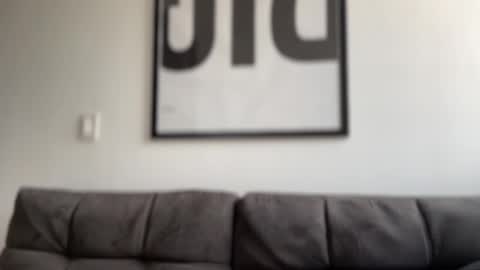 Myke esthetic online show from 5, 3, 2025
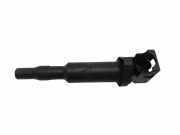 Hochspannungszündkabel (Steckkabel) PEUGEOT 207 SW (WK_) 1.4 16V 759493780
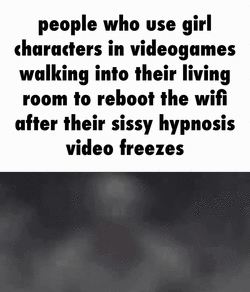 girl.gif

---

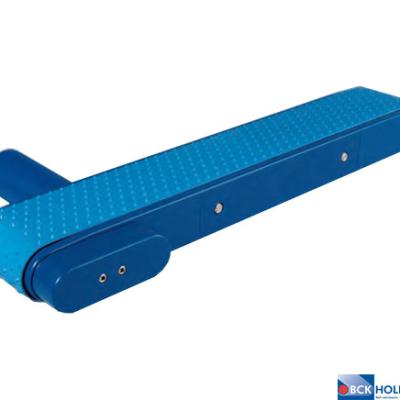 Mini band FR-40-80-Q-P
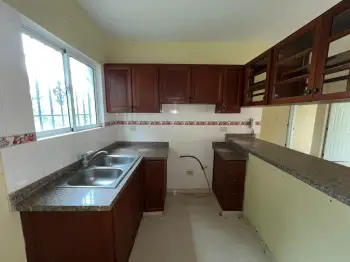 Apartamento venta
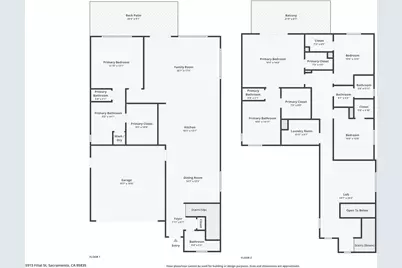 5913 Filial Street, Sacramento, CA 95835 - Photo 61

--

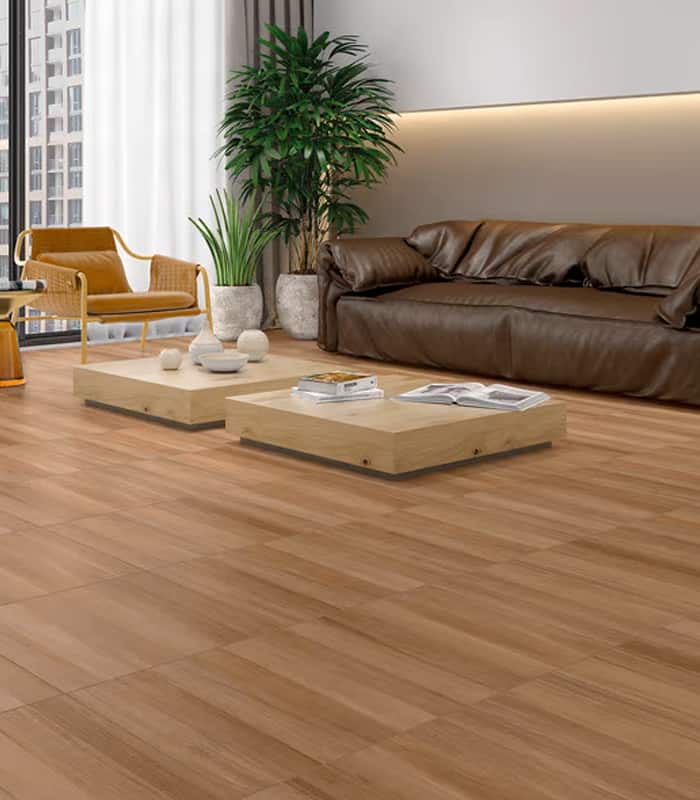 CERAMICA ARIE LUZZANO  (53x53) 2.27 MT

## WHAT YOU HAVE TO DO
Look above for the line with "Mini band FR-40-80-Q-P" and the line with "5913 Filial Street, Sacramento, CA", then copy exactly the lines from the first through the second, both kept, with no pictures.

## EXPECTED OUTPUT
 Mini band FR-40-80-Q-P
 Apartamento venta
 5913 Filial Street, Sacramento, CA 95835 - Photo 61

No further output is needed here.